À ces assises, chaque groupe recevait le mot d’ordre général, changé tous les trois ans, additionné d’un autre mot de passe pour les groupes coloniaux et cantonaux. Ces mots permettaient aux compagnons se retrouver et de correspondre, même par dépêches.

Le système des « parties » étant fidèlement établi, on prenait pour signe de ralliement une carte à jouer quelconque, préalablement désignée, et qui servait de billet d’entrée aux « salons ».

À peine arrivé à Kronitz, Fédor Romalewsky avait voulu se rendre à Narwald, le cher domaine, aujourd’hui lieu de charité et de repos éternel, où dormaient les reliques des parents martyrs.

Sur la route, balayée de toutes les feuilles mortes arrachées aux arbres, le frère de Boris songeait aux choses graves qui hantaient sa vie : regrets, vengeance, haine, améliorations, progrès…

Il n’avait pu aller à Narwald en automobile à cause de la nuit, du temps affreux et du mauvais état des chemins, ravinés par l’ouragan.
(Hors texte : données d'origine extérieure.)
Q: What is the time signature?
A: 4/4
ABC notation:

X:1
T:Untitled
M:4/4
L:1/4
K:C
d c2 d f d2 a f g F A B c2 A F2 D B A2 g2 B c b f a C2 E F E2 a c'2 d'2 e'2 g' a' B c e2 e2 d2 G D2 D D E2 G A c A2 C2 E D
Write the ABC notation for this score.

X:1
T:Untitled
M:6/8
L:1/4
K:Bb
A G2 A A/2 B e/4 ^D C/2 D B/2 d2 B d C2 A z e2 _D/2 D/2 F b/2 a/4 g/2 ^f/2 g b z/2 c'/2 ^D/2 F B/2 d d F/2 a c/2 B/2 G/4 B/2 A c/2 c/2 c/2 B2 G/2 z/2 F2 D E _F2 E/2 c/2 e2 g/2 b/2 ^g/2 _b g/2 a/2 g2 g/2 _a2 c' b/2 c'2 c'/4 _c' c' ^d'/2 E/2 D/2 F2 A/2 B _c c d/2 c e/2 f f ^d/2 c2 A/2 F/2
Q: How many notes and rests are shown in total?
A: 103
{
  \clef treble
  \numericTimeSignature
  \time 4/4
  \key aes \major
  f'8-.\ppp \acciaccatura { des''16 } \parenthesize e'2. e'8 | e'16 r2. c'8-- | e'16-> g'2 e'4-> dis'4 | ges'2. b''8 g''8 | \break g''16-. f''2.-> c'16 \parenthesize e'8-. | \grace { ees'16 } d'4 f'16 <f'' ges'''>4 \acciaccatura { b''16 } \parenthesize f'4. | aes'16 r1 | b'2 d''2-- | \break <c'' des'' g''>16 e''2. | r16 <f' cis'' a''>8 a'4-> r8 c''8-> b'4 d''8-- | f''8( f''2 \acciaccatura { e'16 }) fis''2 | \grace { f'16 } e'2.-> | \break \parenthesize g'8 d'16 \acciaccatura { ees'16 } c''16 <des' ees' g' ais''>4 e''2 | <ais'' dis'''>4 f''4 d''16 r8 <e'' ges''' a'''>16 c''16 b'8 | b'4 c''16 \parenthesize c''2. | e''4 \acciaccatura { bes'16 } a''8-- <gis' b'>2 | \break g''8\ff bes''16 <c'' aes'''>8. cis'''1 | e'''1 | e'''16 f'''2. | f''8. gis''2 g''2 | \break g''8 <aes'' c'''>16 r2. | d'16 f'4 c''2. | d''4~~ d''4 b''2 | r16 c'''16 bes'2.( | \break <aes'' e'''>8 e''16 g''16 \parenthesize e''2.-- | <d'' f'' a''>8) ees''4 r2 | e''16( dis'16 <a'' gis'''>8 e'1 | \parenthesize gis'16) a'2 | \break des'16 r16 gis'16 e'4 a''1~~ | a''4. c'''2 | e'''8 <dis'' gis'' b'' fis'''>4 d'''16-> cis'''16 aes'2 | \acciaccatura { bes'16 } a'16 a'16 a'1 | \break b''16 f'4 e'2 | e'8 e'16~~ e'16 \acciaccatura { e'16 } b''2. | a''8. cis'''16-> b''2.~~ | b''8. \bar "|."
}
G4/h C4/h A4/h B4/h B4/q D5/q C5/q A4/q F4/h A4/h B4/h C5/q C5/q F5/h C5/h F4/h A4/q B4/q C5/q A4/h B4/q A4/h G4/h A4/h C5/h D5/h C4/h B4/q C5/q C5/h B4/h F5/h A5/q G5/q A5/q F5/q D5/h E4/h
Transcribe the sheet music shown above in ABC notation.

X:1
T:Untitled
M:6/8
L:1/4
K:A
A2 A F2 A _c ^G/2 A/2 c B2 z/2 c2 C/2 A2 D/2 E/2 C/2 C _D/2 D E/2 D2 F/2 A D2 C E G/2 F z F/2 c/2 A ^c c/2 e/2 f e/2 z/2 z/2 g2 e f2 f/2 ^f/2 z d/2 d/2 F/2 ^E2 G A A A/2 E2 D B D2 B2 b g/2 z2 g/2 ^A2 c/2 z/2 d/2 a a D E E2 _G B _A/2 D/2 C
Il s’était contenté de monter un des meilleurs chevaux de selle de son écurie de Kronitz.

Se rendant à Narwald, il voulait être seul. Yousouf, bien qu’il eût vivement insisté, n’avait pu obtenir l’autorisation de suivre son maître, pas plus que le fidèle valet de chambre de celui-ci.

Un simple groom l’accompagnait, à peine visible à quelques pas au milieu d’une obscurité brumeuse. Le groom gémissait, les yeux piqués par la bise, presque incapable de se tenir à cheval.

— Retourne en ville, lui dit Fédor, voyant la lutte que le malheureux garçon soutenait contre les éléments. Je n’ai besoin de personne.

Le serviteur ne se fit pas répéter l’ordre. Vivement, il rebroussa chemin.